II. Molecular Mechanisms of photoreceptor G-protein signaling.

           The overall goal of this research program is to gain insights into the molecular mechanisms of the GTP-binding protein, transducin, in photoreceptor cells.

           Our current focus is on two key questions. What mechanisms govern bi-directional translocation of transducin between the inner and outer segments in rods? What are the signaling properties of cone transducin, and how do they contribute to the distinct physiology of cone photoreceptors?
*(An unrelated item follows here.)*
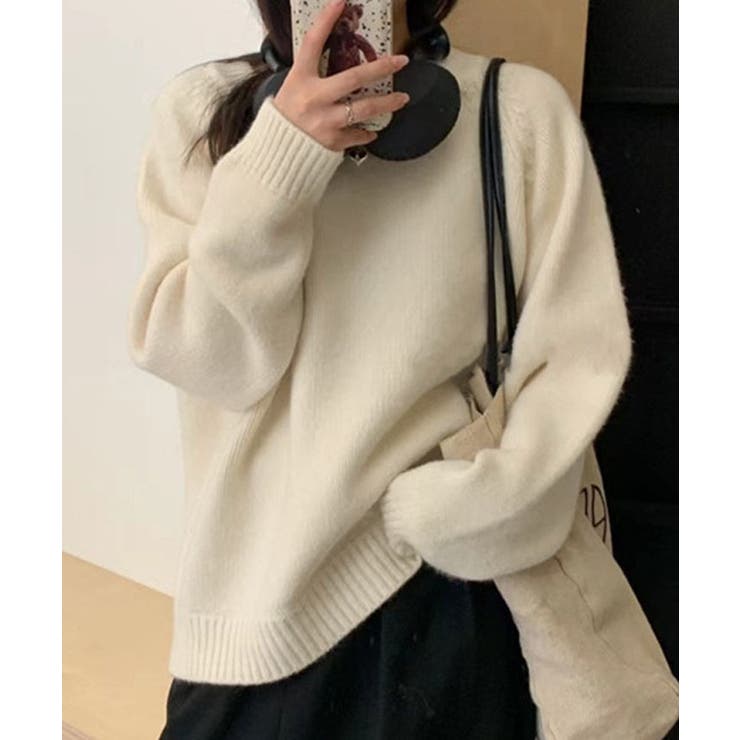 GU ベージュ系 ラグランスリーブニットセーター - メルカリ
           Three major visual signaling proteins, transducin, arrestin, and recoverin undergo bi-directional translocations between the outer segment and inner compartments of rod photoreceptors in a light-dependent manner.The light-dependent translocation of proteins is believed to contribute to adaptation and neuroprotection of photoreceptor cells. However, the physiological significance and mechanisms of light-controlled transducin translocation are not fully understood. Studies from several laboratories, including our lab, have supported a simple diffusion model of transducin translocation in response to light. According to the model, the activation of transducin by photoexcited rhodopsin causes dissociation of Gt subunits allowing them to diffuse into the inner segment as long as the Gt activation rate exceeds the capacity of the rod RGS9 GAP complex to inactivate Gαt1GTP. The mechanisms of transducin transport from the rod inner segment to the outer segment are largely unknown.

           As one of the approaches to study tranducin transport and targeting, we are utilizing transgenic Xenopus laevis expressing EGFP-fused Gαt1 and mutant forms in rod photoreceptors. Transgenic Xenopus models have been designed to probe the roles of transducin/rhodopsin interactions and lipid modifications in transducin targeting, membrane mobility, and inter-disc transfer. Light-dependent compartmentalization, translocation, and mobilities of transducin and mutants are examined with EGFP imaging, immunofluorescence, and Fluorescence Recovery After Photobleaching (FRAP) analysis of lateral and longitudinal diffusion (for details see our recent study Kerov and Artemyev, 2010).

                                A piece of retina of a transgenic tadpole expressing EGFP- Gαt1. EGFP-fluorescence/DIC overlay.